Fdbdr destination cluster doesn't recognise DR is running?

Very weird one here, looking for any insight into how it might have happened.

We’ve got 2 FDB clusters in our development environment, in 2 regions. The primary is normally set to replicate to the secondary. I manually rolled out a change I was testing which had worked in a new test cluster to our primary dev cluster, the result of which was to utterly destroy the primary cluster (I mistakenly triggered a format of the volumes on which the FDB data directory was held). No worries, this is why we have a dev env and DR.

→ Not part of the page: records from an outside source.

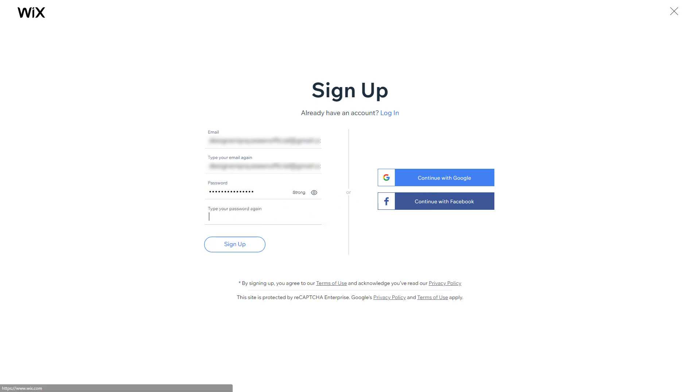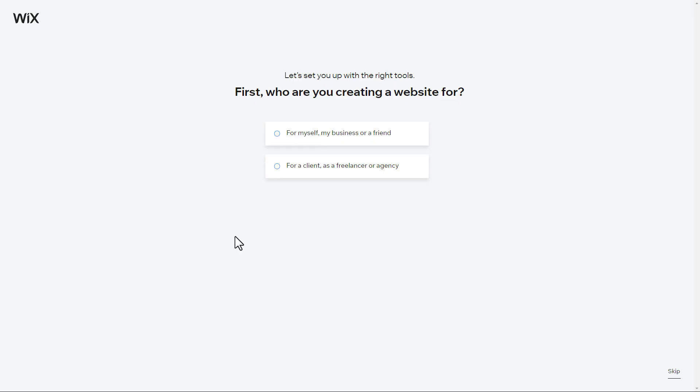Alternatively, you can sign up using your Google or Facebook account. After clicking Sign Up, you arrive at this page.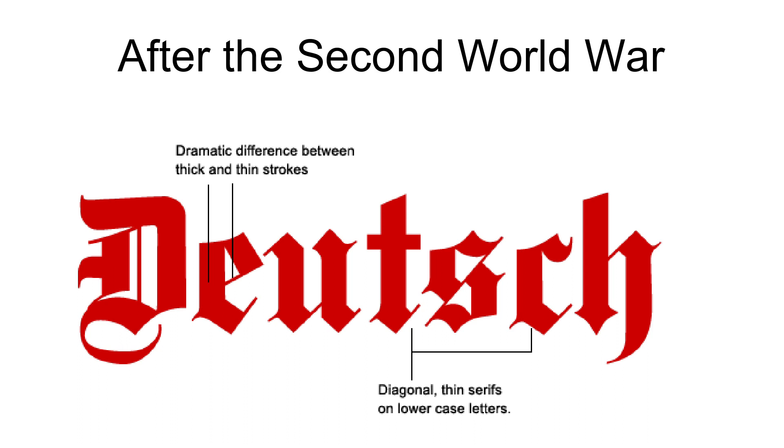After the Second World War, the Sütterlin script was once again taught in the schools of some German states as an additional script, but it could not hold for long against the Latin cursive scripts.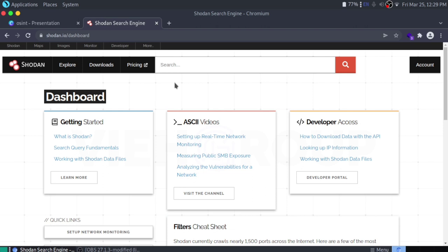Shodan users are not only able to find servers, webcams, and routers — it can be used to scan almost anything connected to the internet, including traffic light systems, home heating systems, water power control panels, nuclear power plants, and much more. I will show you some basics of Shodan which will help you a lot. If you want a detailed video, just comment below. First, I'll show you how you can find surveillance cameras.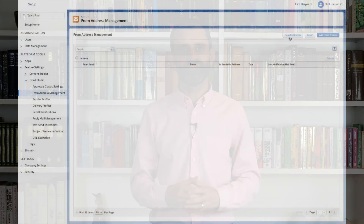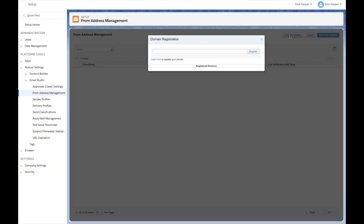The authenticated domain feature in Marketing Cloud enables you to verify email addresses and domains that you use as your from address when sending emails from the platform. There are a couple of options when configuring this feature — you can either choose to authenticate an entire domain or individual email addresses. The most convenient method is to select the Register Domain button in the From Address Management section in Marketing Cloud setup.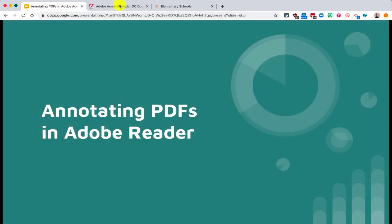In this short video, we're going to take a look at how to annotate PDFs in Adobe Acrobat Reader. The first step you might want to do is make sure that you already have this installed.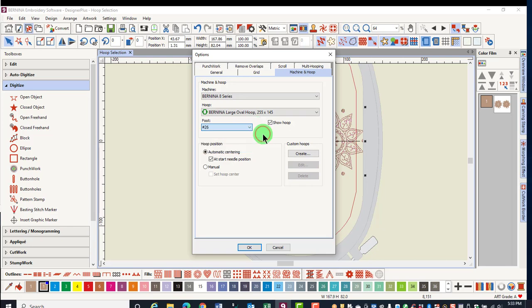You can also place a check mark by Show Hoop so the hoop is shown. Designs by default will be placed within the hoop at the center of the hoop.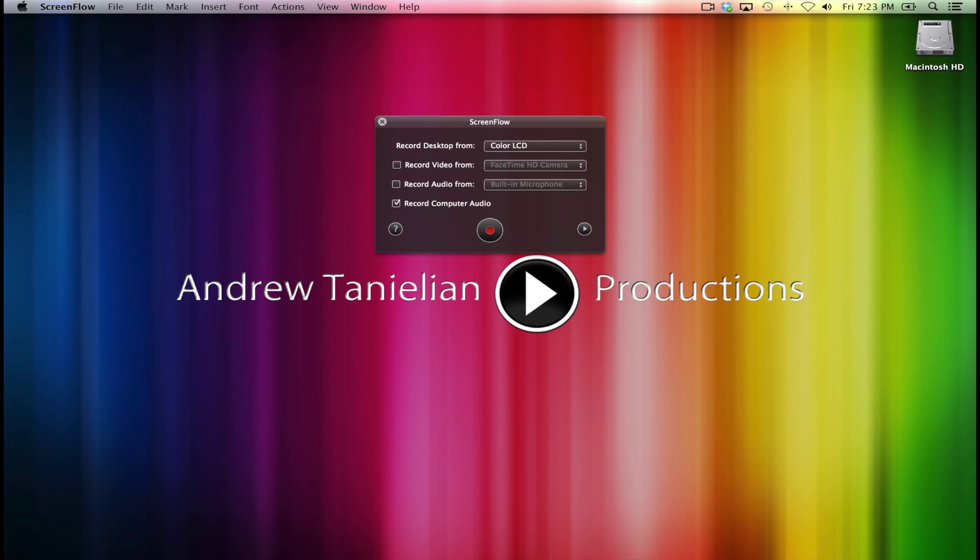A little different than other applications that you're used to. Some options here, where it says record from desktop, you want it from, if you're on a laptop, your color LCD. If you have other monitors hooked up to this, if this is on a desktop computer, if you go into that drop down menu, you will see other options and other monitors listed. So depending upon which action you want to be recording for this particular recording session, you can choose which one you want which is very nice.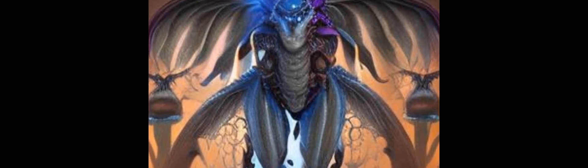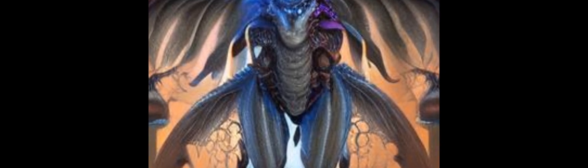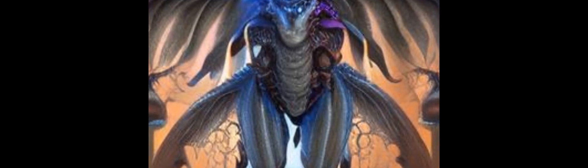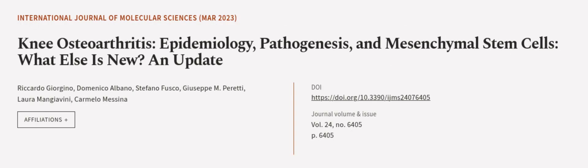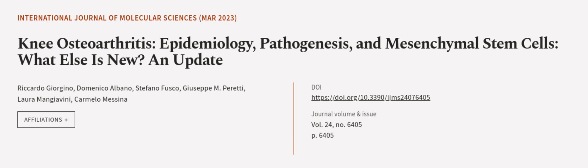This review summarizes the latest and most relevant findings regarding the molecular mechanisms of cartilage destruction in knee OA. This article was authored by Ricardo Giorgino, Domenico Albano, Stefano Fusco, and others.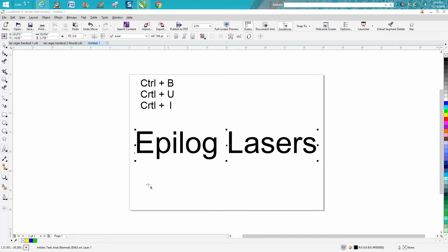Me again with CorelDraw Tips and Tricks. Today we're going to cover three shortcut keys and something you can really do when you're playing around with a font.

  • On the secondary cluster, I ran fdbdr abort --dstonly --source <primary_cluster_file> --destination <secondary_cluster_file>
  • I (re)created a new DB on the original primary cluster, then on the secondary I ran fdbdr start --source <secondary_cluster_file> --destination <primary_cluster_file>
  • I verified that the DR was running, and that the sum of key/value storage on the new DB was increasing. fdbdr status ... was reporting that the DR was not a complete copy (as expected).
  • After some time, fdbdr status ... was reporting that DR was a complete copy, and that the destination was ~1.5s behind. Checking the key/value sizes on both clusters gave expected and very close amounts too (our application was running from the secondary region at this point, so it was constantly having data written to it to sync across).
  • I ran fdbdr switch --source <secondary_cluster_file> --destination <primary_cluster_file>
  • I got a fatal error from fdbdr

Running with trace logging enabled on the fdbdr command, it would seem the actual error is:

{  "Severity": "20", "Time": "1725793370.194168", "DateTime": "2024-09-08T11:02:50Z", "Type": "DBA_TagNotPresentInStatus", "ID": "0000000000000000", "Tag": "default", "Context": "dr_backup_dest", "ThreadID": "114316097773912472", "Machine": "10.129.244.16:49211", "LogGroup": "default", "ClientDescription": "primary-7.1.49-114316097773912472" }

I’ve since verified this. The new DB seems to have no knowledge that it is a destination for DR replication (fdbcli --exec 'status details', and also combing through the output of status json). But fdbdr status ... still says that the destination is a complete copy of the DB ~1.5s behind the source, and the destination does seem to be getting new keys from the source written to it.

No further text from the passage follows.